Kaare:             Was it all-right to talk about the abuse at the incest centre?
Knut:                          It was really all-right. It started a process that let me free some of my emotions and to accept myself so that I could look at myself in the mirror and say I like you, to put it that way. My self-esteem and self-image were at zero. I had some self-confidence, but nothing else. Now I don’t feel as much shame anymore.
Ivar:                Umm (.) I got my self-confidence back. I remember when. It was here at the Incest Centre. I got on the bus to come here and just didn’t care anymore whether anyone knew what had happened to me. The bus driver asked where I was getting off, and I said load and clear so everyone on the bus could hear me, to the Incest Centre. That felt good.
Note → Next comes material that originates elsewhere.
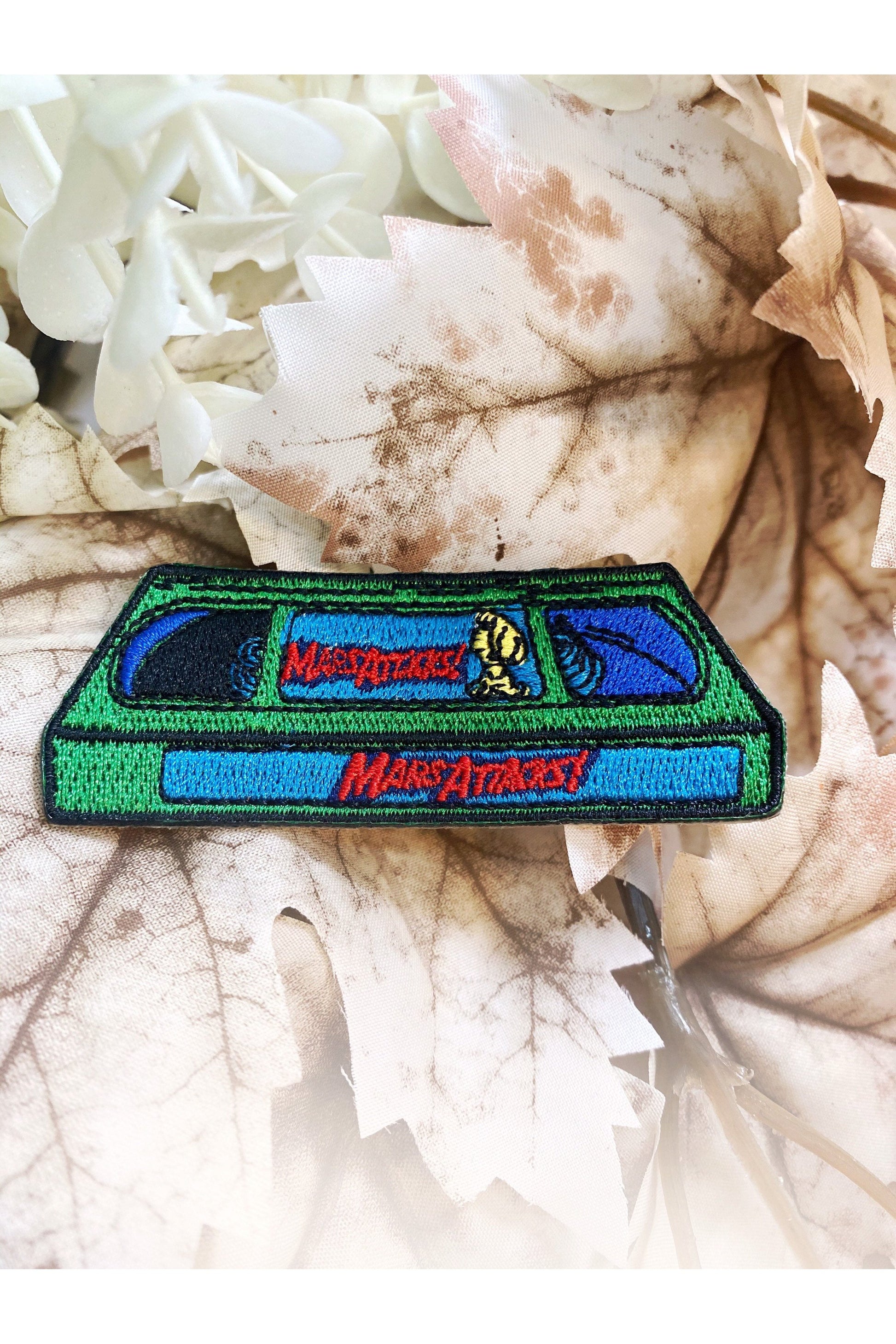 Combo Deal LIMITED RUN Mars Attacks VHS Tape Holographic Sticker + Iron-On Patch *Discounted*.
Both Ivar and Knut found it helpful to gain new experiences with others and in so doing gain a better self-image and self-esteem. This is in my opinion a daring leap (vågestykke) which demands courage. Linda argues that shame engulfs the whole body and it seems impossible to rid oneself of it and concludes that helping others demands the courage to travel into the depths of the lives of others and willing to feel their pain.
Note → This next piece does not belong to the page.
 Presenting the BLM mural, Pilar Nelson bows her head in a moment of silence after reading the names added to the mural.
Linda_1:         It’s shame that makes you look away and not meet the eyes of others. That takes a long time for some people… It’s shame (.) You’re ashamed of (.) things that have happened. You’re ashamed over things you have experienced with your body. (.) So I’d say that umm your whole body is full of shame. That’s what I mean. (.)…The thing I like the most about working here at the Incest Centre is being able to go into the depths of the lives of our users. I was abused from the age of five or six, maybe before that even, but I can’t remember anything before that. I just can’t remember anything before that. But I’ve found out how to manage with my abuse, I use mechanisms to keep it at a distance and know how to tackle my everyday life…I learned in a way how to live two or three lives parallel to each other. You have to turn off some of your emotions in order to work here. But at the same time I have to be close and dare to travel into the depths of the lives of our users. I have to dare to feel some of their pain. When I’m finished with one conversation, I have a cigarette and then I’m ready for the next conversation.
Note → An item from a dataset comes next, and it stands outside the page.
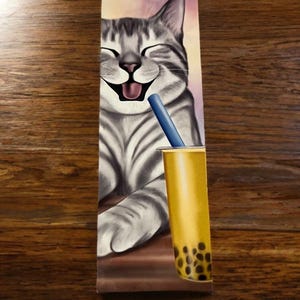 May include: A rectangular bookmark featuring a grayscale illustration of a smiling tabby cat with its eyes closed. The cat is positioned next to a yellow cup of bubble tea with dark brown tapioca pearls at the bottom and a blue straw sticking out.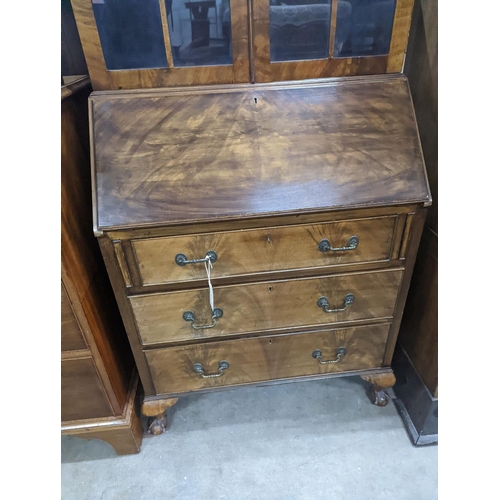 1147 - An early 20th century walnut bureau bookcase, width 77cm, depth 45cm, height 205cm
In my opinion, if a person only felt shame in relation to the self, one would have a lot to endure when walking through the doors to self-knowledge. It would be hard to meet the demands of ones conscience when it is at its most punitive. But humans are always shamed before the eyes of others, before the world, before all those people one comes close to in the course of a lifetime. In order to meet these demands, the individual must travel two roads. The first road has already been mentioned and leads to the doors of self-knowledge. The other is the road of expiation. Expiation denotes an action which springs out of one’s conscience and which corresponds to compensation in the judicial sphere. When it comes to existential shame, one cannot strictly speaking, right the wrong that has been done – as if the shame and its consequences could be taken back. Expiation means first and foremost in my opinion that one reaches out to the person one feels shameful toward (myself and others), acknowledges one’s existential shame and receives the respect and recognition others give in order to get past the consequences of the situation(s) which is the direct cause of one’s shame. This also applies when the person one feels shame in relation to, is oneself. One must reach out to one’s self and acknowledge one’s shame in relation to oneself. Expiation must be an unconditional expression of one’s struggle for respect and recognition in the world, and this can only happen in my opinion through a changed relation to the world, and through a new serving identity with renewed human energy.